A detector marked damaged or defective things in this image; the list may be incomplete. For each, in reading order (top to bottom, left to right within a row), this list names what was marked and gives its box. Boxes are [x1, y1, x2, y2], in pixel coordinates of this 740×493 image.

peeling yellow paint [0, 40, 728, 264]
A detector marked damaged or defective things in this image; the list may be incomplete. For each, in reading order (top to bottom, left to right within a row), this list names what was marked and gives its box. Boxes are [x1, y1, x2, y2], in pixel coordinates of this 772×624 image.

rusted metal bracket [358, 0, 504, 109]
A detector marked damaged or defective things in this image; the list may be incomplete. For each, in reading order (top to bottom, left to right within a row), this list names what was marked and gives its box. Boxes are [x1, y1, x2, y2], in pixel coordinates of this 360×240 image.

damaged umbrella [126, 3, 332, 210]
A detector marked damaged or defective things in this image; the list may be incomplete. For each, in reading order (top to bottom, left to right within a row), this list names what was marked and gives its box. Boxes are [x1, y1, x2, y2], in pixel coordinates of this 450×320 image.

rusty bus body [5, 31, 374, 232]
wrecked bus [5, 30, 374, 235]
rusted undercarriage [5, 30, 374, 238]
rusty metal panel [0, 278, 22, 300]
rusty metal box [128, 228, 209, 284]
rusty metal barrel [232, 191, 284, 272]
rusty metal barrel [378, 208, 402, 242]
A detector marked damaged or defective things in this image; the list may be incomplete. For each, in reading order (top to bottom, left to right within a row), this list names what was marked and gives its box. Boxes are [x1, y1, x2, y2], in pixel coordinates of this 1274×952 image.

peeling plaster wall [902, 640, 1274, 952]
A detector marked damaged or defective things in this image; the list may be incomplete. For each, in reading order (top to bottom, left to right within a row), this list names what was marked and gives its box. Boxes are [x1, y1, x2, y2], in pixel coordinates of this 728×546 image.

------------------------------------------------------------------------

WHAT THE TASK REQUIRES: All lines from the one containing "this 1274×952 image." through the final line of the records above are to be set down exactly, and no other line is to appear.

WORKED SOLUTION:
A detector marked damaged or defective things in this image; the list may be incomplete. For each, in reading order (top to bottom, left to right within a row), this list names what was marked and gives its box. Boxes are [x1, y1, x2, y2], in pixel coordinates of this 1274×952 image.

peeling plaster wall [902, 640, 1274, 952]
A detector marked damaged or defective things in this image; the list may be incomplete. For each, in reading order (top to bottom, left to right within a row), this list names what was marked and gives its box. Boxes are [x1, y1, x2, y2], in pixel coordinates of this 728×546 image.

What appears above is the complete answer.